冷え切った檻の内部にあって、すでに説教使の体温は感じられなくなっていた。生命を失った皮膚の感触は固まりかけた粘土のように弾力を失っている。
牢屋の寒気によって体力が極度に低下した、マリアアリスの意識は混濁していた。半ば夢うつつとなり、浮かんでは消える幻影に囲まれている。
むせるような悪臭を伴う湿気のような執拗な不快感を肌になすりつけるかのような悪夢の中で、マリアアリスの腹は丸く膨れ上がっていた。内蔵のはざまに抱えているのは、マリアアリスの子供だった。いまだ人の形にならない赤子は、その体積を膨張させ、母親を圧迫している。その重みと体温による負担が、マリアアリスを錨のように地面につなぎとめている。
目の前にはこの次元に到着したときにカルロススハイツ使がはりつけにされていた車輪架がそそり立っている。だが、今そこには自分が殺したパンフィロロドリゴ使が縛り付けられているのだった。
説教使の首から垂れ下がった鎖の端を、マリアアリスは力の限り握りしめ、引っ張っていた。
本来なら、もはや一度手にかけた説教使にマリアアリスは決して顔向けすることはできない。
しかし、車輪架にかけて殺してしまえば、そう、守の御児であるイェスカのごとく彼を憎む人々の罪すら背負って死に臨んだならば……必ず蘇ってくるのではないか? “けがれたおんな”によってほうむられた墓から、再び会いに来てくれるのではないのか? いや、絶対にもう一度会えるのだ! なぜなら彼を殺した罪は殺された説教使によって償われ、そしてなにより、マリアアリスは“けがれたおんな“なのだから。

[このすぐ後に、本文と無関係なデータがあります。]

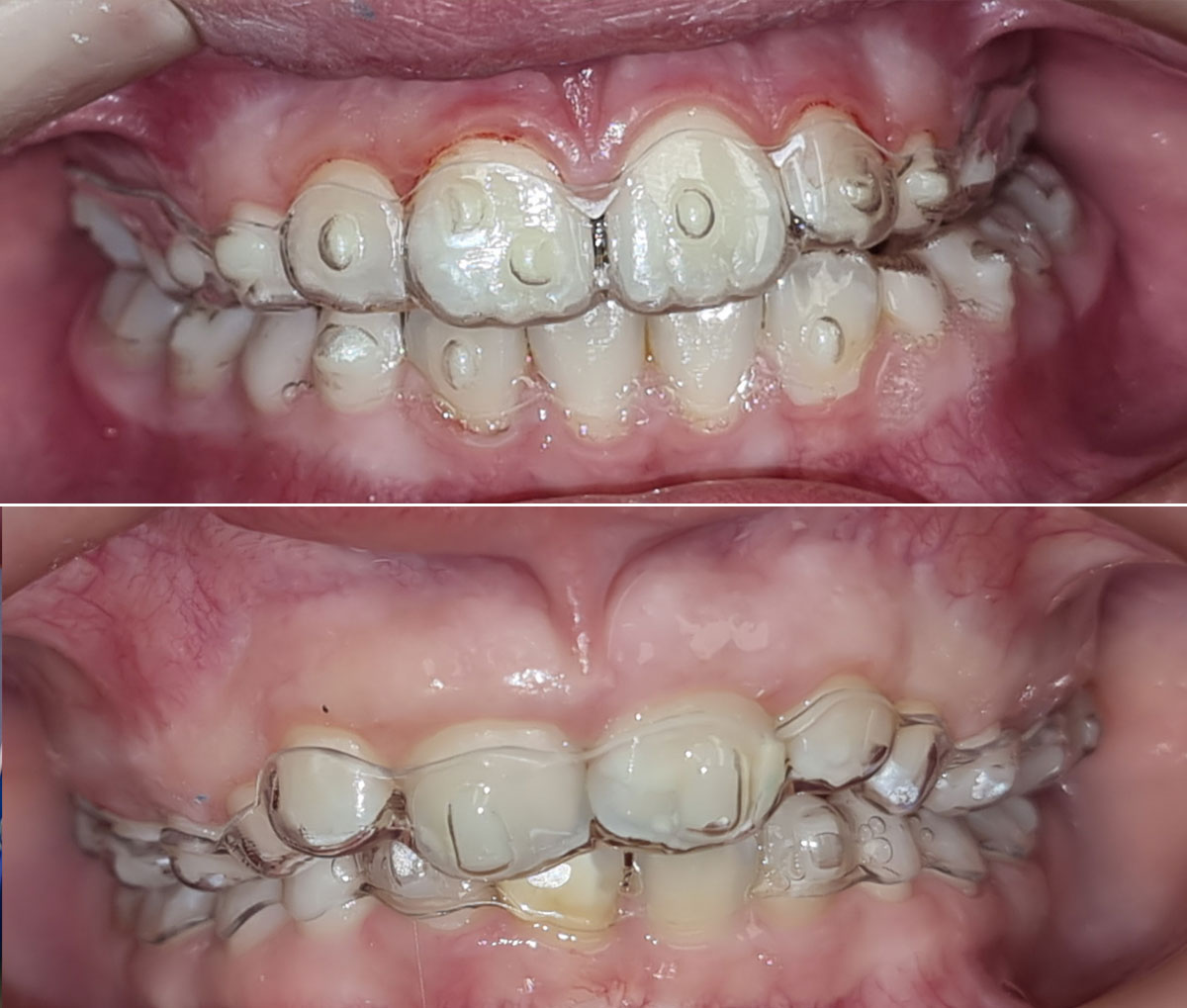 Alineadores dentales para niños Smartee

車輪架は崩れ落ちて、説教使はとるに足らぬ者のように荒涼とした砂漠にふるい落とされる。緩慢な動作で説教使は乾いた砂の上に立ち上がった。
呼びかけようとマリアアリスは口を開く。しかし、わずかでも自分が説教使に触れることを恐れ、声が出なかった。マリアアリスは息を殺し、無言で待った。
しかし、説教使はマリアアリスを一瞥だにせず、背を向けた。関節の油が切れた機械人形のようなぎこちない動きで歩み去る。
愕然としたマリアアリスは、声を限りに叫んだ。
「センセー、どこいくの?」
ぴりぴりと腫れあがった唇が痛む。ほおに激痛がずきずきと脈打った。マリアアリスは恐怖に震え上がった。腹部の重量が、不意に消失していた。

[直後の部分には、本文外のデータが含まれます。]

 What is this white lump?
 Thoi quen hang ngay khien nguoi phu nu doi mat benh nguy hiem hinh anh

足元に目をやると、白くふやけた赤ん坊が長い肉色の管を引きずって這いまわっている。異臭をはなつ管はいやらしく膨れたり細くなったりしながらマリアアリスのくるぶしにからみついていた。その赤ん坊は、マリアアリスと同じ人間……HF次元人ではなかった。
銀色の頭髪、白い矮躯はマリアアリスが幾人も殺害してきたAO次元人のものだった。
マリアアリスは赤ん坊を抱きあげようとする。しかし、赤ん坊は電流に触れた悲鳴のように鋭い鳴き声を上げた。白い赤ん坊の肌が、黒く汚れてゆく。異臭が鼻を突いた。マリアアリスの両手は、AO次元人の血にまみれていた。
赤ん坊はマリアアリスの手から転がり落ち、へそからぶら下がっている自らの体の一部を頸部に絡ませて悶絶した。
「……」
説教使が何かをつぶやいたように思えた。その言葉は、穴倉においてマリアアリスの手で絞殺される寸前の説教使が漏らしたささやきと全く同じ響きだった。マリアアリスがうかつにも聞き漏らした言葉だった。

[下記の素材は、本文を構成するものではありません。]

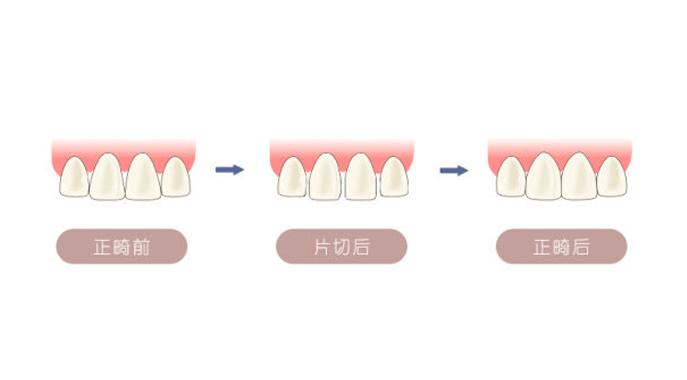 闫燕医生:正畸时什么情况下会用到片切?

……いや、それは説教使の母国語だったのかもしれない。拡張感覚の翻訳ソフトに存在しない方言だったのかもしれない。生前、説教使はマリアアリスたち修道士をあたかも自分と同等の存在であるかのように扱ってきた。しかし、本当は違うのだ。説教使は自らの属する文化をあまねく次元に広げる世界の中心的な存在であり、ひるがえってマリアアリスたちはその手助けをする付与された、代替の可能な付属物に過ぎないのだ。説教使が最期の言葉を託す相手にふさわしくないのだ。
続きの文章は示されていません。